Towles used to spend a week in a hotel each year.

"One year, I was arriving at my hotel in Geneva for the eighth year in a row and when I came into lobby, I recognized some of the people hanging out in the lobby," Towles said. "I mean, it was it was as if they had never left. And I thought to myself, you know, this is a nice hotel, can you imagine if you actually had to live in it?"

Upstairs in his room, Towles began sketching out an idea on hotel stationery. He had 10 pages of handwritten notes by the end of the weekend. He set the idea aside and eventually came back to it.

He spent years thinking visualizing the outline and then writing the story. The book has an unusual underlying structure. After the first day of the main character's story, the book skips ahead a day and then two days later and then five days later - each gap grows larger by weeks and months and years until it grows to a 16-year gap. At that point, the gap begin growing smaller.

"Now I had an idea when I was younger that wouldn't be interesting to write a story, like something structured like this and I kind of set that aside," he said. "And the minute I had the notion of I'm going to have a story about a guy trapped in hotel, I could say that within seconds, I knew that it was going to be set in Russia within seconds."

The main pieces of the story fell together instantly, and he fairly quickly realized the accordion structure fit the story.

"I kind of knew that the tale I was going to tell really fit this accordion shape because I knew that the reader and I would want to know what happened in those first couple of days in great detail," Towles said. "But you don't want to spend 30 years looking at every single day in a hotel. You want to start to move with greater speed as he's going through changes in life."

The virtual program allowed readers to get answers to their questions about the novel both big and small - a valuable opportunity for anyone who's ever read a book and wondered why.

For example, several participants wanted to know why Towles began each chapter with a word beginning with the letter "A."

"As a writer, when you hit that moment, you do have to kind of ask yourself, is this a terrible idea? Is this a great idea?" Towles said. "And in this case, you might have to go with your instinct, and my instinct was, we're going with it."

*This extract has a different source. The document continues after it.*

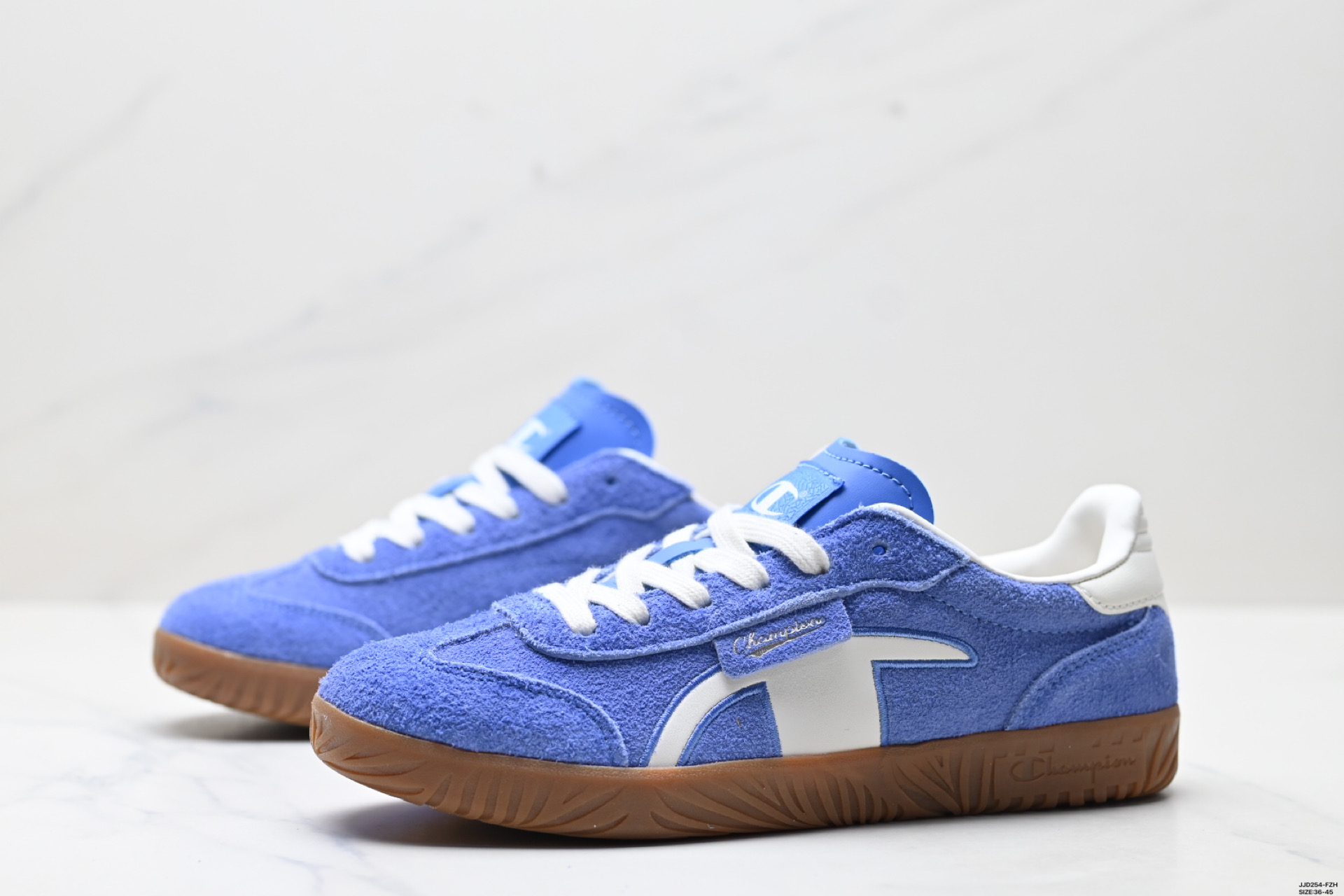 Champion Zapatillas Casuales de Gamuza Azul para Hombre y Mujer - Estilo Retro 5 i1748279534540 950 0 3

The book is set in Soviet Russia, but Towles wanted to give his work a sense of whimsy and help build the suspension of disbelief.

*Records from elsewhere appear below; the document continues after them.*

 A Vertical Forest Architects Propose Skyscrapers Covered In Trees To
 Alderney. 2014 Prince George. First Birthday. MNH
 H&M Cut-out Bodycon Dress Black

"What I try to remind myself, and I think what the book to some degree is talking about, is that during this era, you know, the Russian people continue to get throat associated with all these challenges, continue to throughout the Soviet era with all of its challenges, continue to fall in love," he said. "They continue to get married and have children, and they want the best for their children."

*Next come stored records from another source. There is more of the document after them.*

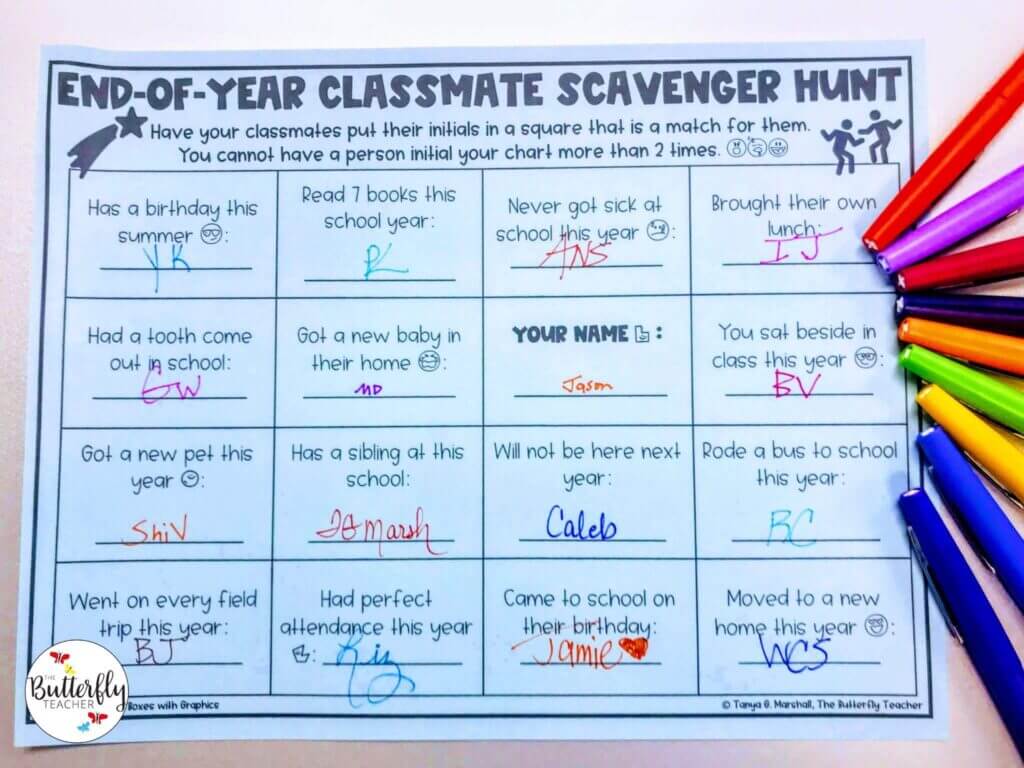 end of the year classroom party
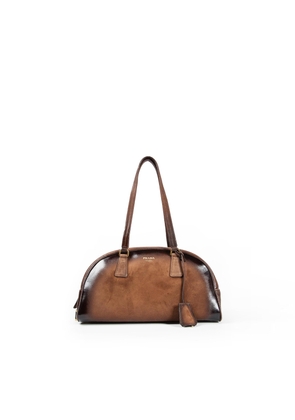 Bowling Medium Suede Bag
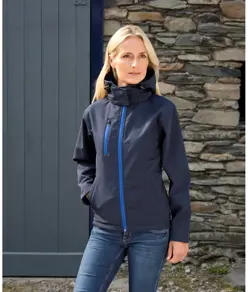 Giacca softshell con cappuccio donna TX performance Result Core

Though the novel's characters are invented, at least one figure from Towles's life made a cameo.

When Towles was 8, his family took a trip near Cape Cod. He stuck a note in a bottle and through it out into the ocean.

"I remember very clearly, we'd come home, we'd been away for a couple of weeks and the house was kind of empty and quiet," he said. "So there's this big stack of mail, and my mother is going through the stack and she says, there's a letter here for Amor, for 'Master Amor Towles.' And more than that, it's from the New York Times."

Towle's message in a bottle had been found by Harrison Salisbury, who was, at that time, the managing editor of the Times. Towles met Salisbury.

Decades later, when he was working on "A Gentleman in Moscow," he read first-hand accounts of journalists staying in Hotel Metropol Moscow. One of the accounts mentioned Salisbury, who it turns out, had written a book about his time in Moscow.

"There are a number of things that end up in the book which are borrowed from his reminiscences," Towles said.

Salisbury makes a brief appearance in the book.

"I took great satisfaction from writing that scene because it was my small way of paying back this great, genteel giant who had the willingness to write me as an 8-year-old boy," he said.